I’ll Be There For You: Owner and Founder Gary Bridgewood shares the highs and lows of his 25 year relationship with a very special double bass

The inside of the bass during a repair

A few weeks ago we posted a picture of Ed repairing a rib crack in a beautiful bass; the latest repair in Bridgewood and Neitzert’s relationship with the instrument going back some 25 years. I caught up with co-founder Gary Bridgewood to find all about its (recent) history.

The bass is attributed to Nicolo Amati 1596 – 1684, widely considered to be the greatest in a long line of Cremonese violin makers. He himself was fourth in the Amati line, and his grandfather Andrea is widely acknowledged as the ‘inventor’ of the modern violin. The plague killed both his father and main rival Giovanni Maggini in 1630 which pushed him into rapidly training up apprentices to keep up with demand for instruments. Amongst his pupils were violin making greats Andrea Guarneri and Giacomo Gennaro. As far as luthiers go, Nicolo Amati is about as big-league as it gets.

The bass has found its deserved match in owner Chi-chi Nwanoku. Chi-chi was a founder member of the Orchestra of the Age of Enlightenment for whom she was principal double bass for 30 years. She is a Fellow and Professor of Double Bass Historical Studies at the Royal Academy of Music. Like Amati, she also has her protegees as Founder and Artistic Director of the Chineke! Foundation which supports Black and ethnically diverse musicians through its two orchestras the Chineke! Orchestra and the Chineke Junior Orchestra.

Chi-chi Nwanoku photo (C) Eric Richmond

Gary and Chi-chi first met in the mid-late 80’s. At that point Chi-chi was playing on a  Jacquet bass that did not match her playing ability, something that was of concern to her mentor and teacher Francis Baines. Francis was a composer and visiting professor at the Royal College of Music and collected rare, early musical instruments including the Amati bass. He decided that it was destined for Chi-chi.

It’s here that Gary enters the story. Already well respected for their restoration work and experience in early and rare instruments, Chi-chi approached Bridgewood and Neitzert to help her bring the instrument back to playing condition. ‘Baines was a keen gardener and would come in from a morning’s weeding and pick up an instrument to play’ Gary recalls. ‘When the bass first came in it was clear it was a really interesting, fine old bass, but it was covered in a fine film of soil and rosin!’ This was just the beginning of the major year-long restoration ahead of him. The bass had incredibly thin ribs with fine cracks throughout and needed converting to a hybrid modern/baroque instrument.

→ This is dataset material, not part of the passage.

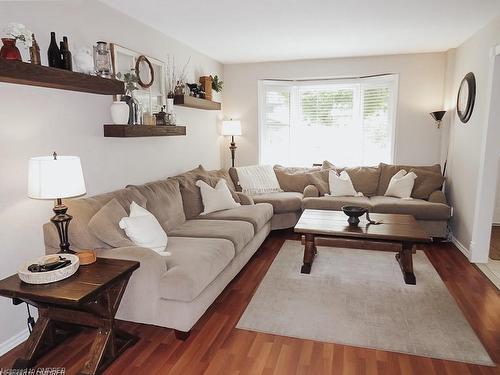 17 Oceanic Drive, Hamilton, ON - Indoor Photo Showing Living Room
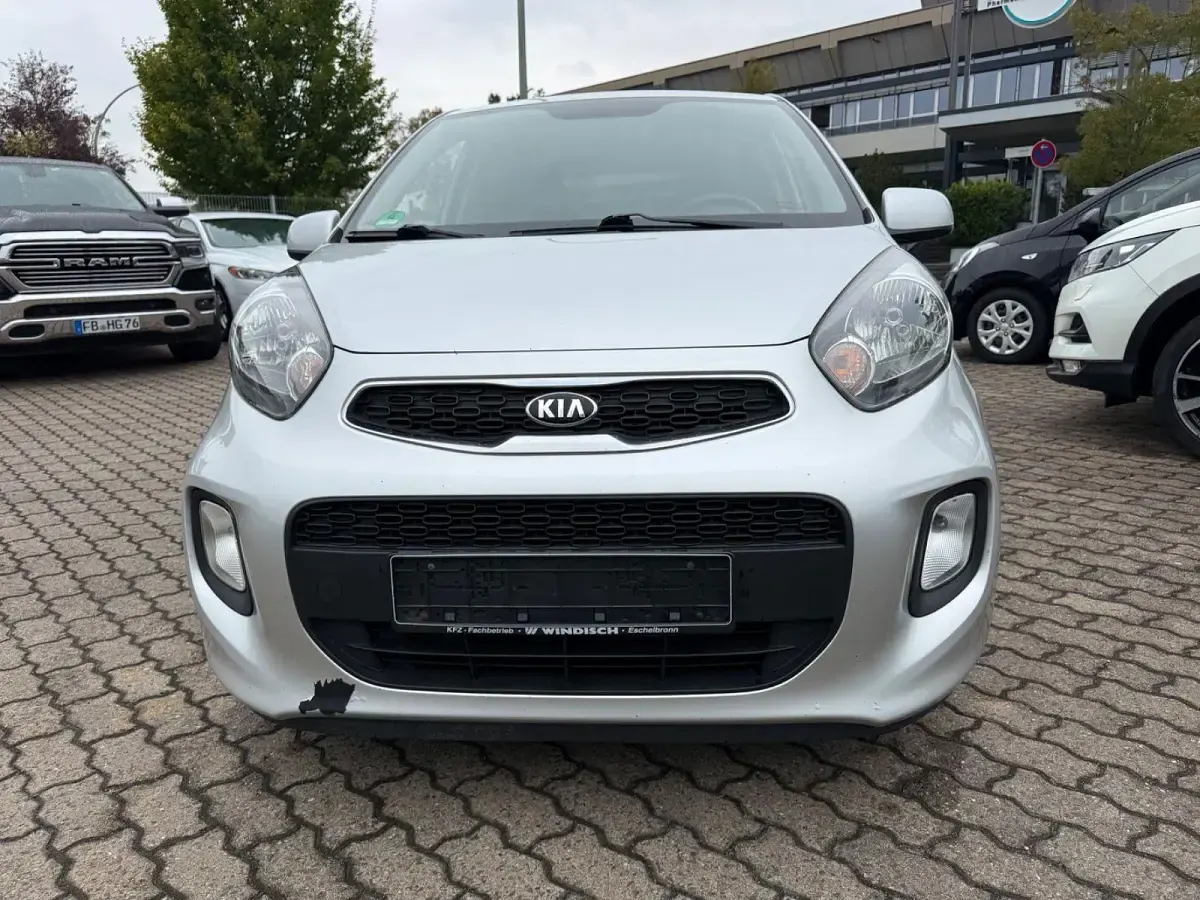 Gebraucht Kia Picanto DREAM-TEAM Edition 84 PS (61 kW) 2015 Silber Kleinwagen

Close up revealing repair history

Fast forward a year and Chi-chi finally had her very special bass. It went with her across the globe, touring and recording with internationally renowned orchestras and as a sought-after soloist. Over the past 25 years Bridgewood and Neitzert have done the ongoing restoration and repair work necessary to keep the instrument in optimum playing order and have also stepped in at moments of crisis.

Gary shared one such horrifying moment; ‘Chi-chi was on tour with OAE and called me from the airport in tears. She had just witnessed the bass in its flight case come off the conveyor belt, get caught on a roller, get flipped over and land hard on the runway tarmac’. Despite a state-of-the-art flight case with airbags and flexible straps keeping the bass stable, when Chi-chi opened the case, the neck fell out.

What followed was an intricate 9-month long repair process. When the neck fell out, it ripped out the ribs and Gary had what he describes as ‘the most intricate and complex jigsaw puzzle’ ahead of him. He made casts of the ribs and using these, fitted every tiny shard together, levelled it all up and then grafted on a new fine rib underneath to stabilise and strengthen the section.

The bass in the workshop

Thankfully not all the repairs required over the years have been so dramatic. Talking to the team of luthiers in the workshop there is a great sense of pride in working on such a significant instrument on the occasions that it comes into the workshop. It’s also very uplifting to see the trusting relationship between a great musician and a great luthier, current custodians of an instrument that has been played for 392 years to date. Despite the best efforts of certain airlines we hope that the Bridgewood and Neitzert expert TLC will ensure the instrument will be enjoyed by musicians and listeners for many centuries to come.